Si l'animal se perfectionne, ce n'est jamais que par l'action de l'homme. Jamais l'animal ne se dressera tout seul. Et encore, quelle faible faculté de se perfectionner, et même chez les animaux les plus étonnants ! Il faut des années pour qu'un perroquet lève la patte lorsqu'on émet un signe précis, et cela suffit à en faire l'acteur d'un spectacle dans un zoo. On est tout surpris lorsqu'on voit un singe singeant l'homme, comme s'il y avait quelque chose de similaire entre le singe et l'enfant. Il n'en est rien ; jamais le singe, tout aussi impressionnant soit-il, ne peut s'élever naturellement et consciemment ; c'est un dressage, et non une éducation, qui vise le spectaculaire, c'est-à-dire, encore et toujours l'homme. 
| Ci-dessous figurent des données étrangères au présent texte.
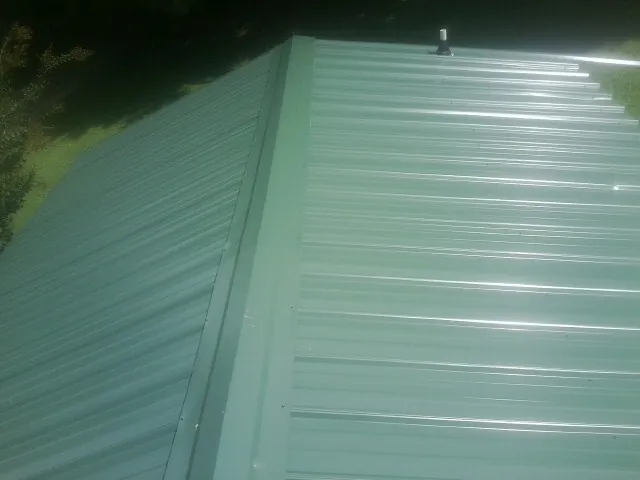 New green metal panels meeting at the ridge of a roof — Flat Roof Repair work by our crew in Elco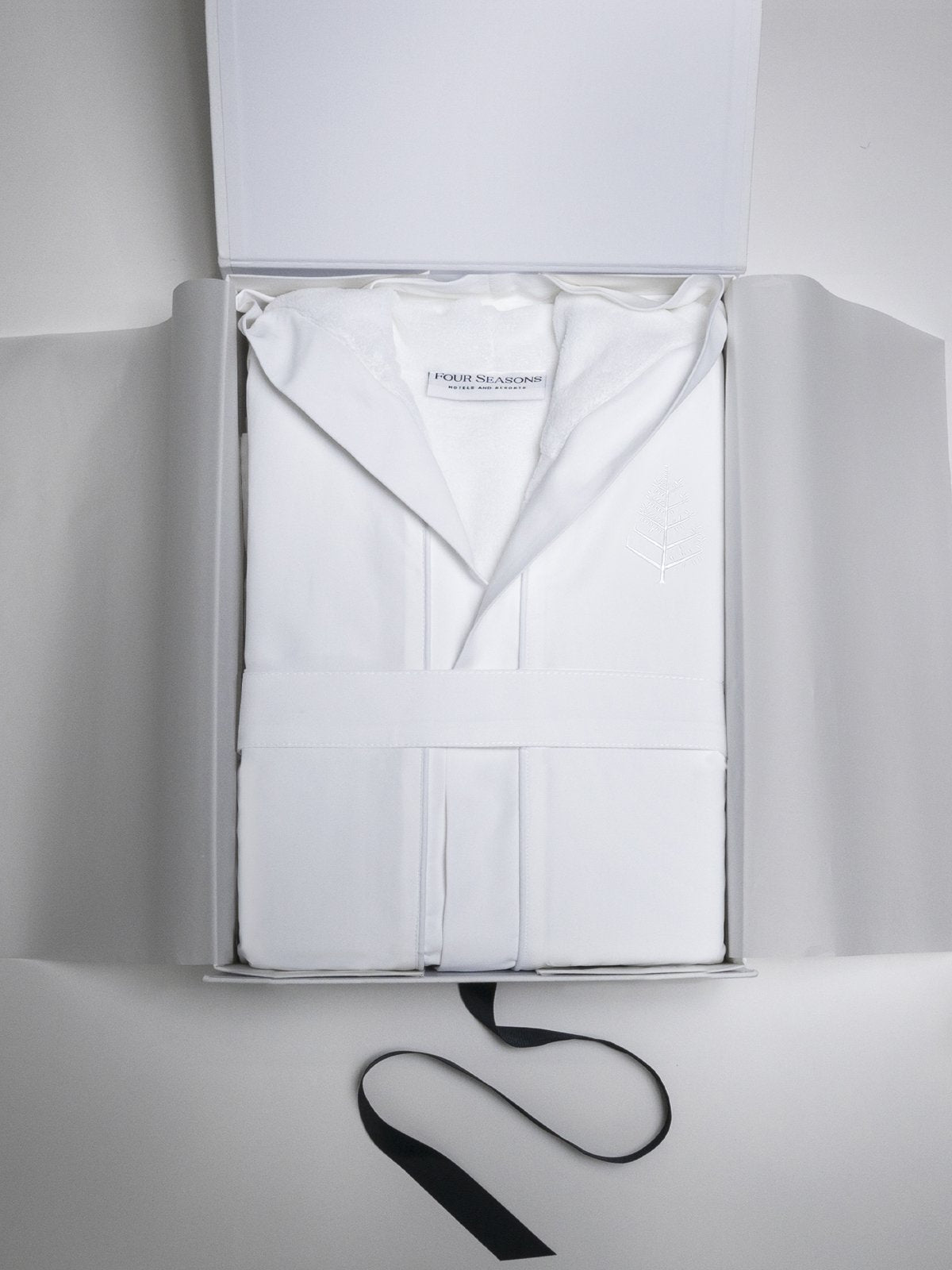 A sleek white cardboard box, which opens to reveal the children's robe inside.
Il n'y a que l'homme qui peut qui doit se réaliser et devenir ce qu'il est. L'animal est déjà ce qu'il est ; il n'opère pas par des médiations, il écoute ses instincts, sans discernation, puis agit, et la messe est déjà dite. Rien n'est entièrement donné à l'homme ; aucun animal n'est fait ainsi. On mesure le degré de civilité d'un peuple aux efforts mis en oeuvre pour perfectionner les citoyens ; et c'est pourquoi, à jamais, les Grecs incarneront l'idée de civilisation. Le gymnase est peut-être l'image la plus frappante de cette faculté de perfectionner dont parle Rousseau : voilà des hommes qui se réunissent dans le seul but de perfectionner leur corps, qui développent leur muscle non par accident, mais volontairement, pour la simple joie de le faire. Puissent les éternels kouroï toujours stimuler notre désir de perfection !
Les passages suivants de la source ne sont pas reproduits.